Problem: How many of the first 100,000,000 hexagonal numbers are divisible by all the numbers from 1 through 20?
2nd solution - simple brute force (does work)
public static void main(String[] args) {
long hnr = 100000000L, count = 0L;
for (long i = 1, h = getHexNr(i); i <= hnr; i++, h = getHexNr(i))

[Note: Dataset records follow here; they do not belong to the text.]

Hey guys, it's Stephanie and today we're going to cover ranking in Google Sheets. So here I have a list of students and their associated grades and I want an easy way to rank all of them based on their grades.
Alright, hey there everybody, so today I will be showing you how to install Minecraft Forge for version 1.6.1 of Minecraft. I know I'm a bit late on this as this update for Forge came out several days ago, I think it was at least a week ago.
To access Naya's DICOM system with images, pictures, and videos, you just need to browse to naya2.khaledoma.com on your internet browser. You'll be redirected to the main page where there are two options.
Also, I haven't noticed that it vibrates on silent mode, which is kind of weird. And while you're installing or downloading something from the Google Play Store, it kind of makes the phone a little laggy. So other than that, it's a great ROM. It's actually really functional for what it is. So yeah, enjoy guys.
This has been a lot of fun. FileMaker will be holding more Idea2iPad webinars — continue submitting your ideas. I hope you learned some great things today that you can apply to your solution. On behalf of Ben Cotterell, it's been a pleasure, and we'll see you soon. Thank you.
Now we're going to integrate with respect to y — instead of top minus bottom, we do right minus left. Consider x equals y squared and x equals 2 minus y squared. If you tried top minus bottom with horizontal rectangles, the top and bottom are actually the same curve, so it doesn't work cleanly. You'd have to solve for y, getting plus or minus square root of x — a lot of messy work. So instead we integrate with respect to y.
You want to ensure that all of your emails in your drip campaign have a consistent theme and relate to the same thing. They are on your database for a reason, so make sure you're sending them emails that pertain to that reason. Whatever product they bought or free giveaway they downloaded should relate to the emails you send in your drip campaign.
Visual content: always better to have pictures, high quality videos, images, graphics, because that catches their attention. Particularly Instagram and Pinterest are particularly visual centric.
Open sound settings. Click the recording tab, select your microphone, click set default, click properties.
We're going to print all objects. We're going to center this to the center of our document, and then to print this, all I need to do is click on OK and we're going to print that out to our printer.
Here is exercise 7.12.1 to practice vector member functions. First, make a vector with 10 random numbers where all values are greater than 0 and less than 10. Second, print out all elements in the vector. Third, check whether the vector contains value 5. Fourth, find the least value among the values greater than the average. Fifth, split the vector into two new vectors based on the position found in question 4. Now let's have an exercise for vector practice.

if (h % 2 == 0 && h % 3 == 0 && h % 4 == 0 && h % 5 == 0
&& h % 6 == 0 && h % 7 == 0 && h % 8 == 0
&& h % 9 == 0 && h % 10 == 0 && h % 11 == 0
&& h % 12 == 0 && h % 13 == 0 && h % 14 == 0
&& h % 15 == 0 && h % 16 == 0 && h % 17 == 0
&& h % 18 == 0 && h % 19 == 0 && h % 20 == 0) count++;
System.out.println(count);
}
1st solution (does not work)
public static void main(String[] args) {
long nr = 1L, hnr = 100000000L, count = 0L;
double tmp = 0;
for (long i = 2L; i < 21; i++)
nr = lcm(nr, i);
for (double qes : getQES(2, 1, -nr)) {
if (qes < 0) continue;
int limit = (int) (getHexNr(hnr) / Math.floor(qes));
for (int i = 0; i < limit; i++) {
// if ((i * qes) % 1 == 0) count++;
if ((tmp += qes) % 1 == 0) count++;
}
}
System.out.println(count);
}
And utils:
static long gcd(long a, long b) {
if (b == 0) return Math.abs(a);
return gcd(b, a % b);
}
static long lcm(long a, long b) {
return (a * b) / gcd(a, b);
}
static long getHexNr(long n) {
return n * (2 * n - 1);
}
static double[] getQES(long a, long b, long c) {
double d = b * b - 4 * a * c;
if (d < 0) return new double[0];
return new double[] { (-b + Math.sqrt(d)) / (2 * a),
(-b - Math.sqrt(d)) / (2 * a) };
}
What is going wrong with first solution? (decimal precision?)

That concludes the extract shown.